Gijón, Nacho AZPARREN
Tras la tempestad de bajas, llega la calma. El entrenador del Sporting, Manuel Preciado, ha recuperado a la mayoría de efectivos esta semana y, con ellos, la alineación que presente el sábado en El Molinón ante el Villarreal (18 horas) sufrirá un cambio mayúsculo respecto al encuentro de Jerez de la pasada jornada.
En Chapín, las bajas de los griposos Botía y Canella y del renqueante Míchel dieron una oportunidad a Gerard, José Ángel y Matabuena. El técnico cántabro tiró de cosecha propia para darle más vueltas al once: Maldonado sentó a Luis Morán en el banquillo y Bilic siguió ocupando la punta de ataque conquistada tras la sanción de Barral.
Pero la recuperación de las piezas básicas en el esquema sportinguista hará que Preciado vuelva a apostar por el once que tan buenos resultados ha obtenido en los últimos dos meses de competición. Por lo visto en el entrenamiento de ayer, el presumible once titular que recibirá el sábado al Villarreal será el formado por Juan Pablo en la portería; Lora, Botía, Gregory y Canella como defensas; Rivera y Míchel en el doble pivote; Luis Morán, De las Cuevas y Diego Castro en la línea de mediapuntas; y Barral como ariete.
El puesto de delantero es el que genera más dudas en Preciado, que en la primera parte del partidillo probó con Bilic como jugador más adelantado, logrando incluso un gol.
Pero en el último de los encuentros de entrenamiento, que suele revelar las claves de cara al partido del fin de semana, fue David Barral el jugador encargado de liderar el ataque, con lo que el gaditano parte con muchas opciones de integrar el once inicial. El propio Barral asistió a De las Cuevas para marcar el segundo gol del partidillo.
De confirmarse la alineación titular, Preciado volvería a apostar por el bloque que ha llevado la mayor parte del peso de la actual racha de imbatibilidad, y que alcanza ya los seis partidos de liga. La primera vez que utilizó este once fue el partido de El Molinón ante el Mallorca, con una contundente victoria por cuatro goles a uno. Los mismos once hombres repitieron titularidad en la victoria en Bilbao y las igualadas ante Real Madrid y Deportivo. Ante el Espanyol, Bilic entró por el sancionado Barral y Matabuena por el lesionado Míchel y ante el Xerez las múltiples bajas hicieron que el técnico cántabro apostara por un once inédito.

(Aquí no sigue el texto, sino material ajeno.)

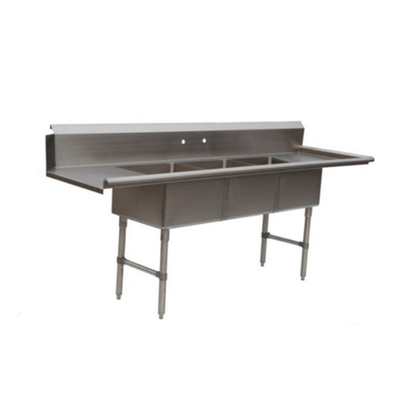NBR Equipment SDT3-202012R20 100" Stainless Steel Three-Compartment Soiled Premium Dishtable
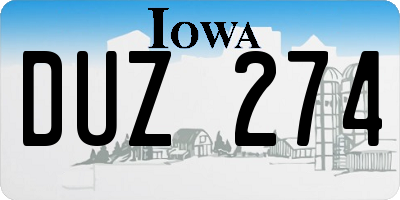 IA license plate DUZ274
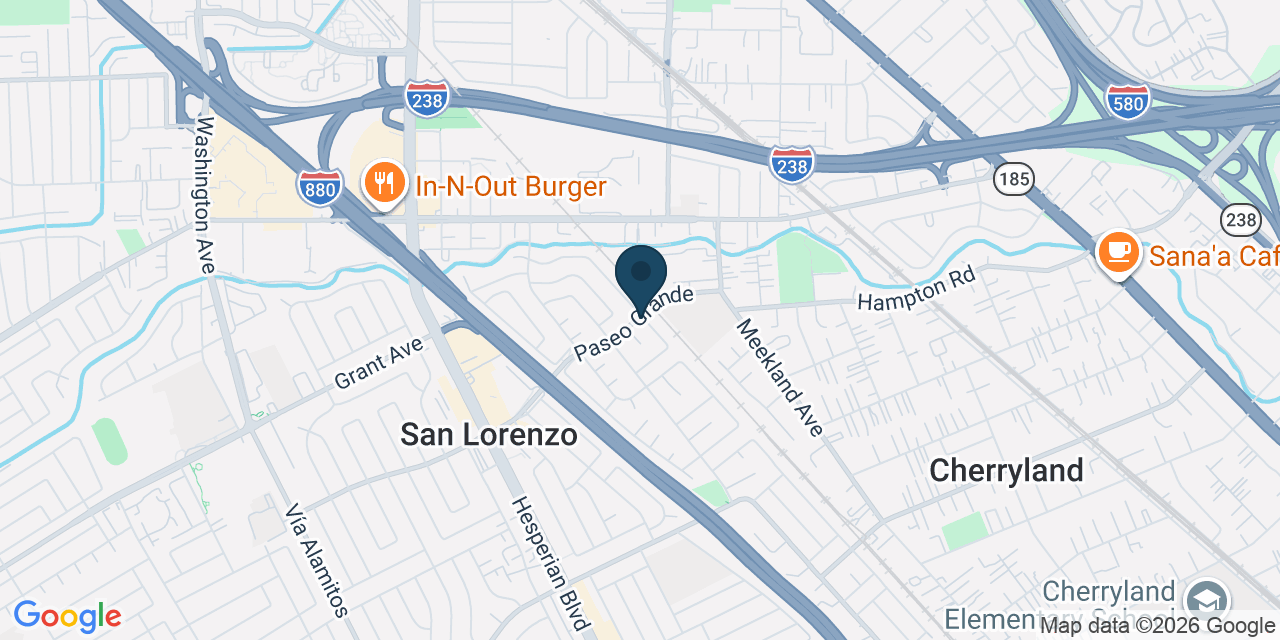 Map showing San Lorenzo, Alameda County, CA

La práctica totalidad de la plantilla integró el entrenamiento de ayer. Kike Mateo continua lesionado y es baja casi segura para recibir al Villarreal. Carmelo, ligeramente cargado muscularmente, hizo carrera continua al margen del grupo pero su presencia no peligra para el sábado. Además, Bilic abandonó antes de tiempo la sesión por un golpe, pero no reviste gravedad. La recuperación del meta del filial Raúl marcha por buen camino, aunque presumiblemente no llegará a tiempo para el sábado. En ese caso, Sergio Sánchez, volverá a ocupar un puesto en el banquillo con el primer equipo como ya hiciera en el desplazamiento a Jerez de la Frontera.